Mais il ne faudrait pas créer de faux espoirs en assortissant chaque orientation ou disposition de telles exceptions ou exemptions qu’elles auraient peu d’effets et amèneraient à suspecter la volonté de transformation, à la manière dont « l’absence de réponse vaut acceptation » de la précédente législature. Il serait souhaitable que le Parlement :

  • encadre strictement les exceptions et exemptions ;
  • clarifie le sens de l’expression relative au droit à l’erreur (« en cas de première méconnaissance involontaire d’une règle applicable à sa situation »), car la « première fois » doit s’appliquer pour chaque règle et non pour « solde de tout compte » ;
  • complète les marques de confiance en créant les conditions de participation démocratique à l’élaboration des lois, à l’évaluation, au contrôle ;
  • développe les conditions d’un management de la confiance et d’un dialogue social fondé sur l’attachement massif des agents publics à des services publics de qualité, répondant aux besoins des citoyens et de leurs évolutions ;
  • aborde les conditions d’organisation d’un traitement des plaintes et réclamations, car elles mettent souvent l’accent sur des dysfonctionnements ignorés du management, et dont le traitement devrait permettre de résoudre bien des difficultés sans en arriver au contentieux.

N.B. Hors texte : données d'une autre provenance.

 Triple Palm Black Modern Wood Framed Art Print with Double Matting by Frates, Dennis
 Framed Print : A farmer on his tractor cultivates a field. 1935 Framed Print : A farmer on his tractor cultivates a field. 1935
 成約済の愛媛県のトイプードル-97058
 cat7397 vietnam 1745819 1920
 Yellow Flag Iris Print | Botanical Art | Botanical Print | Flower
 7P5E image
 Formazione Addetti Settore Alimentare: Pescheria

Dans le projet de loi, le Titre II (« Vers une action publique modernisée, simple et efficace ») apparaît en décalage par rapport à son objet, sans rapport avec la « confiance » qu’il vise. On y trouve toute une série de mesures sans rapport les unes avec les autres – de la dématérialisation de procédures au regroupement des établissements d’enseignement supérieur, en passant par l’autorisation des associations cultuelles à collecter des fonds par SMS ou à la sur-transposition du droit de l’Union européenne dans le champ économique et financier.

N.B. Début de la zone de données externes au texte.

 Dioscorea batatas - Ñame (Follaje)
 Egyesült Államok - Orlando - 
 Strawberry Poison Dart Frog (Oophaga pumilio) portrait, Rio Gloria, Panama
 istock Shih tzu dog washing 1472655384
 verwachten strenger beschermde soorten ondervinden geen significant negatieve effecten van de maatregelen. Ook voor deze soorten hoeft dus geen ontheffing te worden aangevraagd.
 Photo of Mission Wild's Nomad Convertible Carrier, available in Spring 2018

Si chaque disposition peut avoir sa pertinence, elles ressemblent pourtant par trop aux « diverses dispositions » de l’« ancien monde » que des énarques de Bercy accolent ici. Ont-elles leur place dans ce projet de loi ? Et ne risquent-elles pas d’en atténuer le sens et la portée ? Ne serait-il pas pertinent de dissocier ce Titre II dans un projet de simplification ? Cela permettrait de laisser tout son sens et sa portée à l’objectif ambitieux d’un « État au service d’une société de confiance ».